DAS data were acquired using the OptaSense ODH-F interrogator unit in the quantitative mode. The obtained data represent the optical phase change at a sampling rate of 500 Hz. Data were acquired from OptaSense in a proprietary file format of 32 files, with individual file sizes of 10.7 gigabytes. They are decimated to 50 Hz with a low-pass antialiasing filter and exported to HDF5 file format using the OptaSense DxS software, where each file contains all DAS channels over a 1-min period.
The remainder of the data processing steps are completed using the following open-source Python modules: SciPy64, NumPy65, Pandas, H5Py, Obspy, Zarr, and Xarray66. The processed strain and strain-rate DAS datasets are saved using Xarrays containing appropriate metadata (time, channel, and coordinates) in NetCDF files corresponding to individual cable segments (six segments numbered in increasing order from west to east) with explanatory Jupyter notebooks detailing the following processing steps67:
The DAS data were decimated to 1 Hz following the application of a low-pass antialiasing filter.
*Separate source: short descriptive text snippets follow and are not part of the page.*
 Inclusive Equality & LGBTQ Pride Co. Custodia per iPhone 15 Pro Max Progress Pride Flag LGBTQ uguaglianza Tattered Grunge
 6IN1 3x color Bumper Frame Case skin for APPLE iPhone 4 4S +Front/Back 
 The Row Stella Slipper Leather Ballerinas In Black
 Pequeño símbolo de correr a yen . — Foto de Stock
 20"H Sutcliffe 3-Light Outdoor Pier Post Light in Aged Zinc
Following decimation, the data arrays are reshaped, concatenating the one-minute files to incorporate the full data acquisition time period (~3 days).
The concatenated optical phase data are converted to strain using Eq. 1.
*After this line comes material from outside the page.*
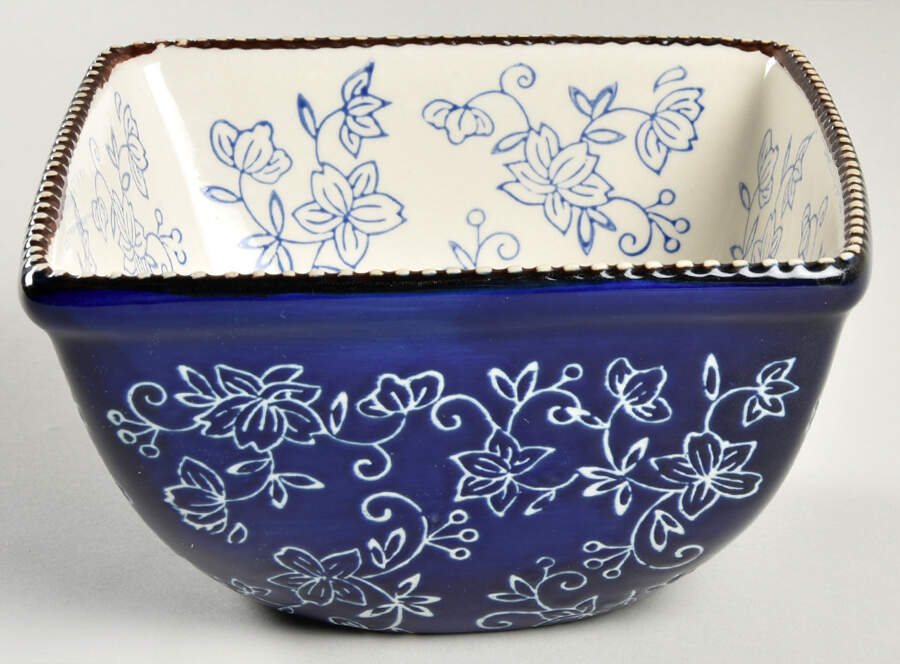 Floral Lace-Blue 6" Square Mixing Bowl by Temp-Tations-1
Strain measurements are obtained by subtracting subsequent samples from the initial sample at time 2021-01-12T11:38:10 for each DAS channel. No median filter is implemented on the strain data.
Strain-rate data were obtained by computing the temporal derivative of strain using the central differences method between consecutive samples (Eq. 3).
A 2D median filter is implemented on the strain-rate data, using a window size of three channels and 59 s, with zero padding on data extents.
Displacement and velocity data are inferred by integrating the strain and strain-rate data over the gauge length, respectively (Eqs. 2 and 4).
The locations and elevations of the fiber optic cable were collected using a Leica Viva GS14 antenna and CS15 handset at 20-m intervals. Linear interpolation between each as-built location was used to infer location data at each DAS channel.
Data gaps
Three periods of data gaps, ~45-min duration, are visible in Figs. 2, 4,6 are due to corrupted data files, where the original data were unable to be recovered. These periods are excluded from the above data processing steps. The data were reindexed to a continuous time vector using the timestamp associated with each filename, and the data gaps were incorporated as “NAN” (i.e., not a number) values.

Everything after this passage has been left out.